# WHAT TO DO:
The data should be duplicated exactly, with every word kept as it is.

# RECORD EXCERPTS:

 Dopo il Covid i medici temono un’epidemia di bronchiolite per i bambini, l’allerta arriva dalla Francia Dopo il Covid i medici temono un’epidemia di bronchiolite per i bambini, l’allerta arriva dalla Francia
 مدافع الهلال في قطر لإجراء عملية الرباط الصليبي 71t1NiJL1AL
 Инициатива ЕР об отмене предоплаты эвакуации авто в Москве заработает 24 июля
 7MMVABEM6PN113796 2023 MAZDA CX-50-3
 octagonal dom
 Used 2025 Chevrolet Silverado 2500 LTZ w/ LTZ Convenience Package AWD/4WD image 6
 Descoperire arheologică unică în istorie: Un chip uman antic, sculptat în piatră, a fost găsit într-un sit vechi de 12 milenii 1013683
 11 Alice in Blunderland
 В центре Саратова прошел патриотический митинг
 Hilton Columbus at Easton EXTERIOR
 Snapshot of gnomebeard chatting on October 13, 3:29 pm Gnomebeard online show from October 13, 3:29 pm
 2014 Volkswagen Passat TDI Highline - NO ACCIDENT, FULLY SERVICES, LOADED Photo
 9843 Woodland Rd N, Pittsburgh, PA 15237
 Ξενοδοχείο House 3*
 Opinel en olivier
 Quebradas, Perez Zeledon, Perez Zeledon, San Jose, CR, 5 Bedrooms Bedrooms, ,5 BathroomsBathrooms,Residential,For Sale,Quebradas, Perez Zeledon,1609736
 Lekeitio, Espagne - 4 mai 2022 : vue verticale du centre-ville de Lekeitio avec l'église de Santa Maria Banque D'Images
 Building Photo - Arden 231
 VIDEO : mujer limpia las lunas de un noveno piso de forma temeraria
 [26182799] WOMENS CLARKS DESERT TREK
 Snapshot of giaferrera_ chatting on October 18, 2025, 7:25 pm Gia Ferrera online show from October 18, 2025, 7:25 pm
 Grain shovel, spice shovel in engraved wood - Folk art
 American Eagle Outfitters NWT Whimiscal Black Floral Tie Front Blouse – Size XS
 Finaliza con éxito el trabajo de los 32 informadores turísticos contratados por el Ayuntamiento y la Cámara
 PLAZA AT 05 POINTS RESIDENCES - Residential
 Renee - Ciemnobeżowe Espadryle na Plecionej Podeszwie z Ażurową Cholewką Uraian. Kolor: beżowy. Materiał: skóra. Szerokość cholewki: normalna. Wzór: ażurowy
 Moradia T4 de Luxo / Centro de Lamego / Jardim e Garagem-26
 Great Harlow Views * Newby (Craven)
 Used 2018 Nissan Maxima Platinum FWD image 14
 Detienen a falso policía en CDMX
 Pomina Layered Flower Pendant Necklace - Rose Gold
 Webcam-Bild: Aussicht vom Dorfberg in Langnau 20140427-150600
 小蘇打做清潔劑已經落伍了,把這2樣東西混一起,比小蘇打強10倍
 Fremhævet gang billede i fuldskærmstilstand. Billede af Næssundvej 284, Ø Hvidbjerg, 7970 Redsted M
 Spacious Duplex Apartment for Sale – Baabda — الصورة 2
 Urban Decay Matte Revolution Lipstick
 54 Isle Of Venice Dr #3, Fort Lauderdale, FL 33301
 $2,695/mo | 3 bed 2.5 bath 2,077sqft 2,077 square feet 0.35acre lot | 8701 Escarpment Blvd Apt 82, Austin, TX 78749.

# RESPONSE BELOW:
 Dopo il Covid i medici temono un’epidemia di bronchiolite per i bambini, l’allerta arriva dalla Francia Dopo il Covid i medici temono un’epidemia di bronchiolite per i bambini, l’allerta arriva dalla Francia
 مدافع الهلال في قطر لإجراء عملية الرباط الصليبي 71t1NiJL1AL
 Инициатива ЕР об отмене предоплаты эвакуации авто в Москве заработает 24 июля
 7MMVABEM6PN113796 2023 MAZDA CX-50-3
 octagonal dom
 Used 2025 Chevrolet Silverado 2500 LTZ w/ LTZ Convenience Package AWD/4WD image 6
 Descoperire arheologică unică în istorie: Un chip uman antic, sculptat în piatră, a fost găsit într-un sit vechi de 12 milenii 1013683
 11 Alice in Blunderland
 В центре Саратова прошел патриотический митинг
 Hilton Columbus at Easton EXTERIOR
 Snapshot of gnomebeard chatting on October 13, 3:29 pm Gnomebeard online show from October 13, 3:29 pm
 2014 Volkswagen Passat TDI Highline - NO ACCIDENT, FULLY SERVICES, LOADED Photo
 9843 Woodland Rd N, Pittsburgh, PA 15237
 Ξενοδοχείο House 3*
 Opinel en olivier
 Quebradas, Perez Zeledon, Perez Zeledon, San Jose, CR, 5 Bedrooms Bedrooms, ,5 BathroomsBathrooms,Residential,For Sale,Quebradas, Perez Zeledon,1609736
 Lekeitio, Espagne - 4 mai 2022 : vue verticale du centre-ville de Lekeitio avec l'église de Santa Maria Banque D'Images
 Building Photo - Arden 231
 VIDEO : mujer limpia las lunas de un noveno piso de forma temeraria
 [26182799] WOMENS CLARKS DESERT TREK
 Snapshot of giaferrera_ chatting on October 18, 2025, 7:25 pm Gia Ferrera online show from October 18, 2025, 7:25 pm
 Grain shovel, spice shovel in engraved wood - Folk art
 American Eagle Outfitters NWT Whimiscal Black Floral Tie Front Blouse – Size XS
 Finaliza con éxito el trabajo de los 32 informadores turísticos contratados por el Ayuntamiento y la Cámara
 PLAZA AT 05 POINTS RESIDENCES - Residential
 Renee - Ciemnobeżowe Espadryle na Plecionej Podeszwie z Ażurową Cholewką Uraian. Kolor: beżowy. Materiał: skóra. Szerokość cholewki: normalna. Wzór: ażurowy
 Moradia T4 de Luxo / Centro de Lamego / Jardim e Garagem-26
 Great Harlow Views * Newby (Craven)
 Used 2018 Nissan Maxima Platinum FWD image 14
 Detienen a falso policía en CDMX
 Pomina Layered Flower Pendant Necklace - Rose Gold
 Webcam-Bild: Aussicht vom Dorfberg in Langnau 20140427-150600
 小蘇打做清潔劑已經落伍了,把這2樣東西混一起,比小蘇打強10倍
 Fremhævet gang billede i fuldskærmstilstand. Billede af Næssundvej 284, Ø Hvidbjerg, 7970 Redsted M
 Spacious Duplex Apartment for Sale – Baabda — الصورة 2
 Urban Decay Matte Revolution Lipstick
 54 Isle Of Venice Dr #3, Fort Lauderdale, FL 33301
 $2,695/mo | 3 bed 2.5 bath 2,077sqft 2,077 square feet 0.35acre lot | 8701 Escarpment Blvd Apt 82, Austin, TX 78749.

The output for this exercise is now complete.